Meski cuma 10 jam di Pulau Bohol, Filipina, saya beruntung bisa menikmati Chocolate Hills dan jatuh cinta dengan Tarsius.
Kapal cepat MV Starcraft merah-oranye akhirnya mulai bergerak meninggalkan Pier 1 Pelabuhan Cebu City, setelah telat 15 menit dari jadwal seharusnya, pukul 7.00 pagi. Terus-terang hati saya masih galau melihat langit pagi yang tertutup mendung kelabu. Padahal semalam hujan deras. Biasanya kalau malam hujan, paginya cerah. Tapi ini sayangnya tidak. Kalau mendung terus, harapan bisa memotret Chocolate Hills dengan latar belakang langit biru pun menipis. Dan sayangnya, mendung ini masih menggelayut saat kami tiba satu jam kemudian di pelabuhan kota Tubigon, di sisi barat Pulau Bohol.
Kami berempat: saya, istri saya Helen, putri kami Mayumi, dan ayah mertua saya Honorato, berencana mengunjungi beberapa destinasi wisata di Pulau Bohol. Di antaranya bukit-bukit mengerucut mirip cokelat raksasa yang dinamai Chocolate Hills di kota Carmen. Kami juga ingin melihat tarsier atau tarsius, yang disebut-sebut primata terkecil di dunia, di hutan konservasinya di dekat kota Corella. Pulau Bohol sendiri bertetangga dengan Pulau Cebu, tempat asal istri. Dan saya sekeluarga pulang ke Cebu dalam rangka liburan akhir tahun. Jadi sayang kalau sudah sampai Cebu tapi tidak mampir ke Bohol, terlebih Chocolate Hills merupakan destinasi wisata kebanggaan Filipina, selain Pulau Boracay.

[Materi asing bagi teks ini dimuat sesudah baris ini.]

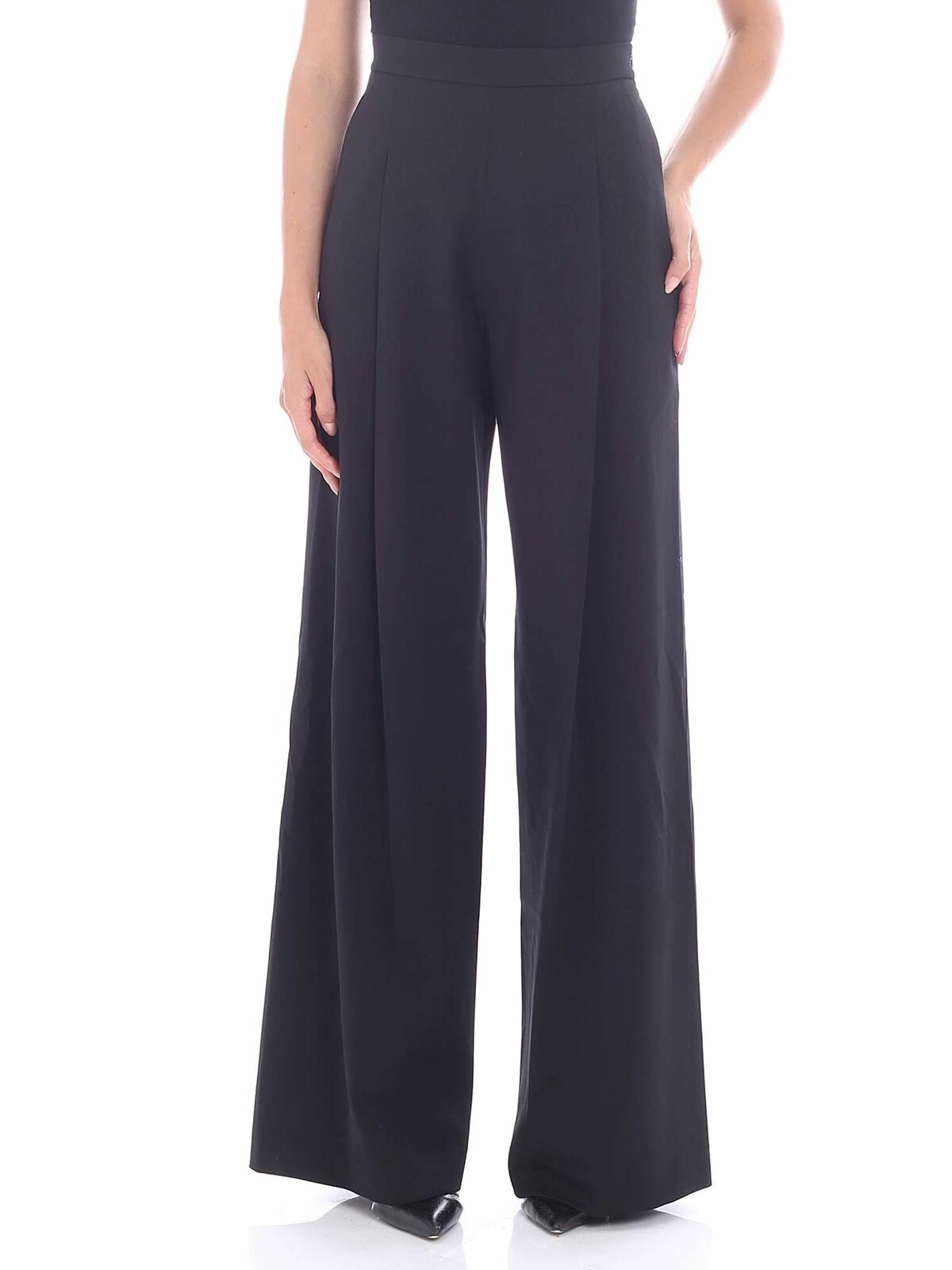 Black trousers with pleats
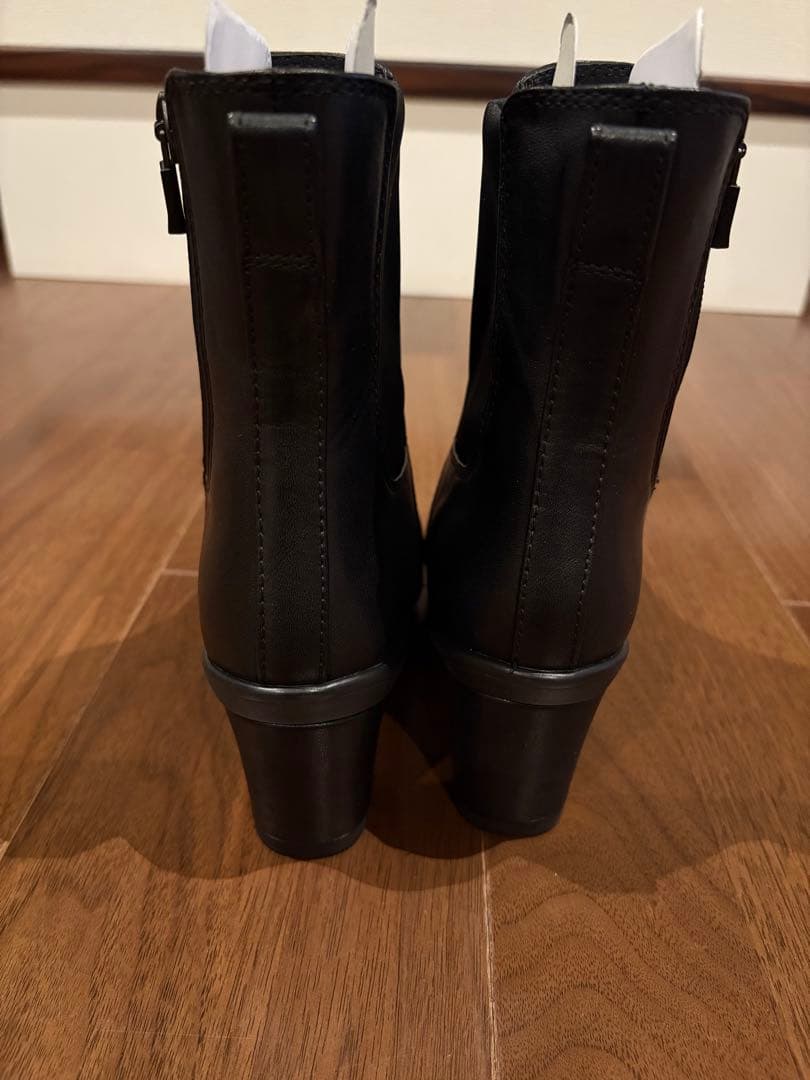 ⭐️新品・未使用⭐️fitfit⭐️フレックスヒールサイドゴアブーツ2 ⭐️黒23.5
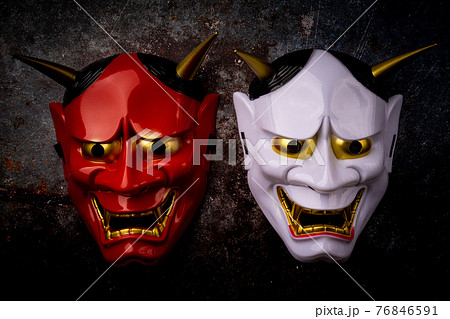 般若のお面の写真素材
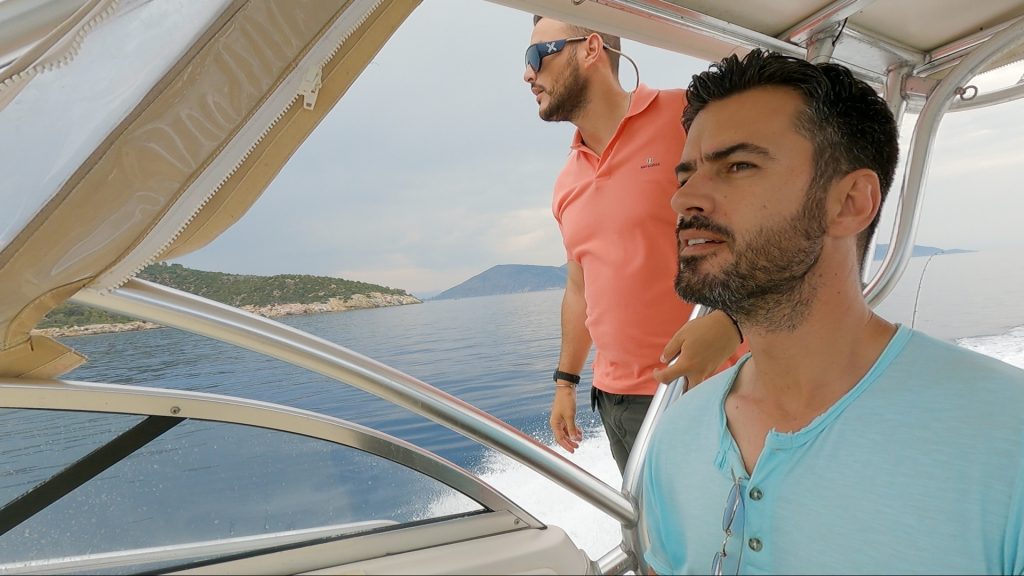 «Fishy»: Σαλπάρει με τον Σάκη Αρσενίου και τη Ναταλία Δραγούμη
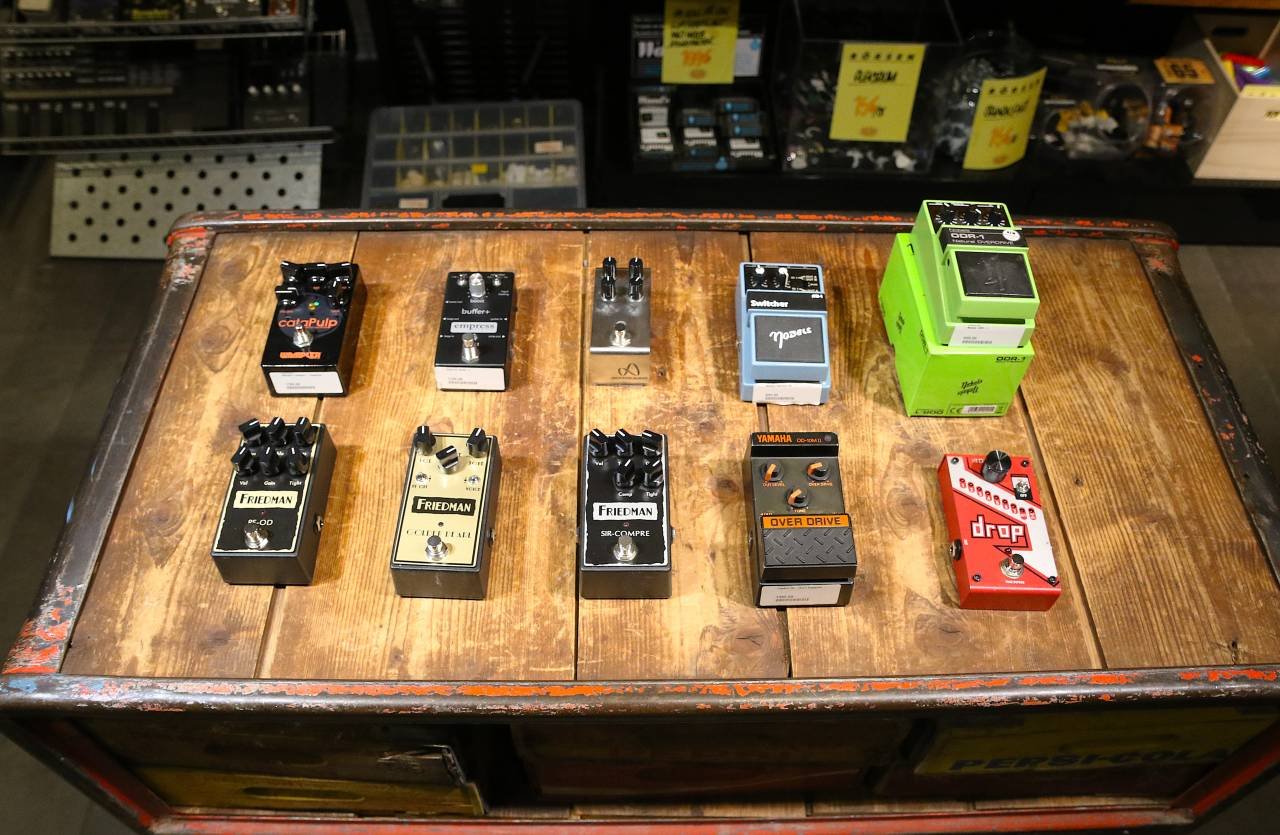 Begagnade gitarreffekter hos ...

Kalau memakai rute yang ‘biasa’, orang umumnya akan mengunjungi Chocolate Hills melalui kota Tagbilaran, ibukota provinsi Bohol, yang mempunyai bandar udara. Namun karena dari Cebu lebih dekat ke Tubigon, rute inilah yang kami pakai. Selain lebih murah dan hemat waktu, kami juga bisa mengunjungi Chocolate Hills dua kali, yakni di Sagbayan Peak dan di kota Carmen. Kalau dari Tagbilaran, umumnya tur ke bukit-bukit cokelat itu hanya sampai Carmen.

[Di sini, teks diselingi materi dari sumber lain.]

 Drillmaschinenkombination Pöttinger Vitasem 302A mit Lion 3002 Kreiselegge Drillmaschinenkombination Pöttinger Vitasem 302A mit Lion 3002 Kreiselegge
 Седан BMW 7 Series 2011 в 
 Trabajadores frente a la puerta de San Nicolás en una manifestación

Mr. Tony sudah menunggu kami dengan mobil sedannya di pelabuhan Tubigon. Saat mengontak Starcraft untuk booking tiket kapal, staf customer service-nya menanyakan berapa orang yang akan tur. Ketika kami jawab berempat, dia merekomendasikan kami untuk memakai jasa tur Mr. Tony di Tubigon karena lebih murah, yakni 2.500 peso (sekitar Rp 625.000) untuk tur satu hari. Harga untuk empat orang ini sudah termasuk biaya supir dan bensin, namun tidak mencakup tiket masuk ke objek wisata serta makan siang. Kalau dihitung-hitung, biaya ini lebih murah dan lebih nyaman dibanding kalau ikut tur dari Tagbilaran yang sekitar 1.000 peso per orang, dan bercampur dengan turis-turis lain.

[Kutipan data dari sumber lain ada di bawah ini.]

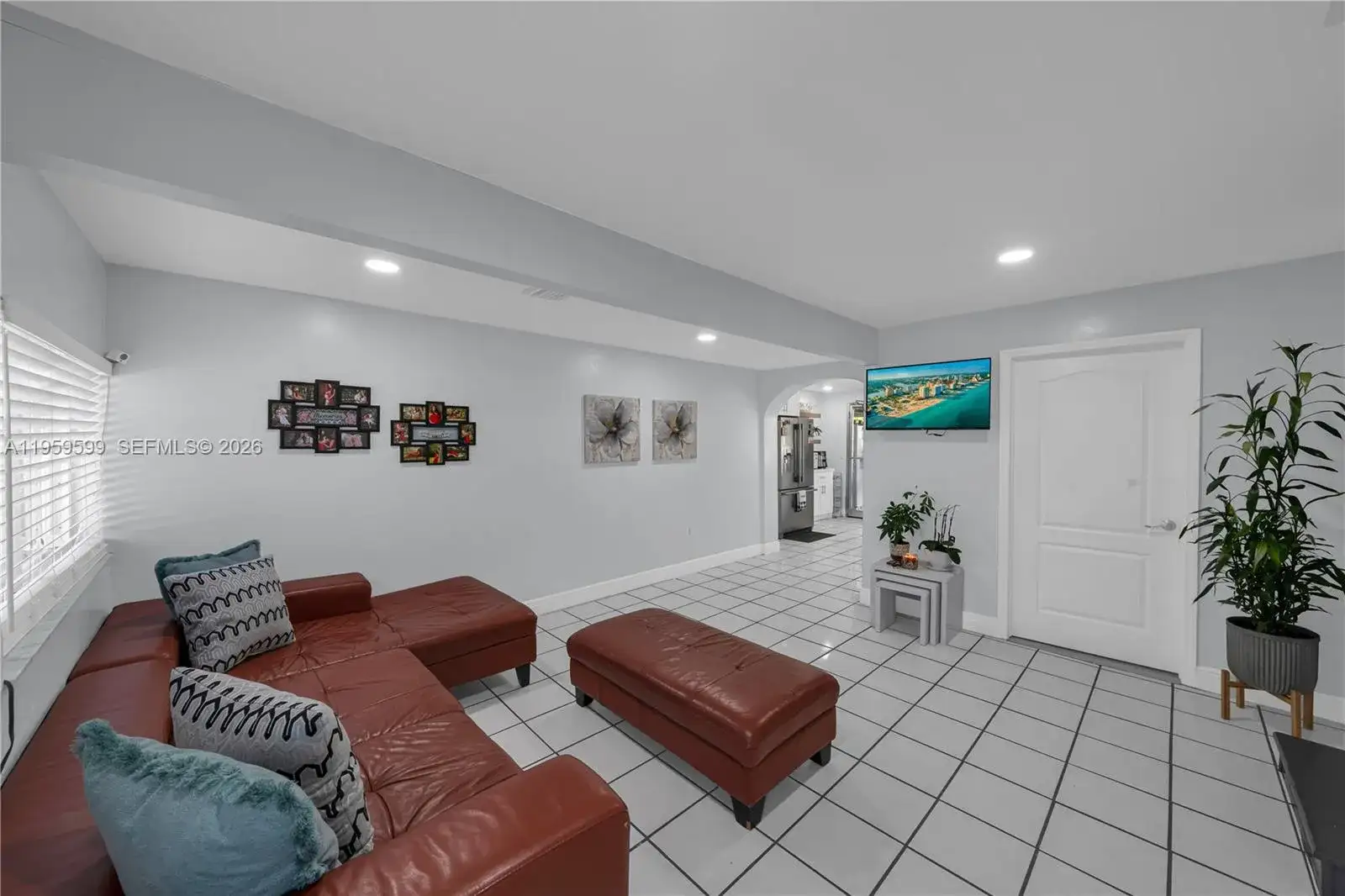 11021 SW 4th St, Sweetwater FL 33174 photo 4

Jalan aspal yang mulus dan lebih mirip jalan beton menyambut kami begitu meninggalkan Tubigon. Di kanan-kiri jalan asri dengan banyak pepohonan, mulai dari pohon kelapa, mangga, mahoni, yang diselingi dengan rumah-rumah beratap seng. Jalan dan rumah-rumah relatif sepi. Hanya sesekali saja kami berpapasan atau menyalip tricycle, becak motor khas Filipina, yang mirip bentor di Medan. Angkutan umum bus juga hanya sedikit kami temui, umumnya bus non-AC dengan jendela sampingnya yang tanpa kaca, jadi penumpangnya benar-benar merasakan ‘AC window’.
Sagbayan Peak
Kami membelok ke kanan begitu sampai di pertigaan kota kecil Clarin, dan tak lama kemudian bukit-bukit kecil berbentuk kerucut menyembul di kanan kami, begitu sampai di kota kecil Sagbayan. Wow, itu dia Chocolate Hills!